Um Milliarden verschätzt: Sparprogramm war nicht nötig
Die Finanzpolitik des Bundes hat in den letzten Jahren viel Kritik einstecken müssen. Der Bund prognostizierte regelmässig rote Zahlen, der Ruf nach Sparpaketen wurde laut. Am Ende zeigte sich, dass die Staatskasse mit einem dicken «Plus» in Milliardenhöhe abschliessen konnte.
Hat das ganze System? Diese Frage hat die Eidgenössische Finanzkontrolle (EFK) nun erstmals im Detail untersucht. Ein vierköpfiges Team nahm in einer zwölf Monate langen Analysearbeit fünf Sparprogramme des Bundes unter die Lupe.
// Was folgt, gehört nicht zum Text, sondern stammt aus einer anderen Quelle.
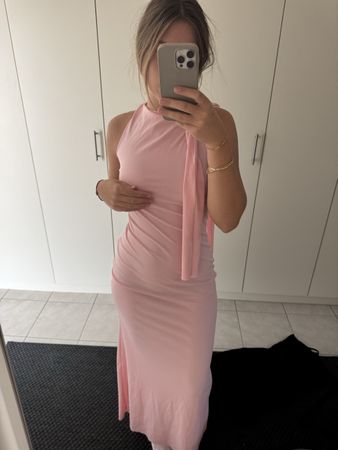 Robe longue rose licou dos nu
Ihr 55-seitiger Bericht ist am Freitagnachmittag veröffentlicht worden.
Darin kommt die Finanzpolitik des Bundes alles andere als gut davon. Im Bericht heisst es, dass «grosse systematische Prognosefehler» zum Spardruck geführt hätten. Im Nachhinein wären deshalb «mindestens zwei der fünf Sparprogramme zur Einhaltung der Vorgaben der Schuldenbremse nicht zwingend nötig gewesen».
Was ist die Schuldenbremse?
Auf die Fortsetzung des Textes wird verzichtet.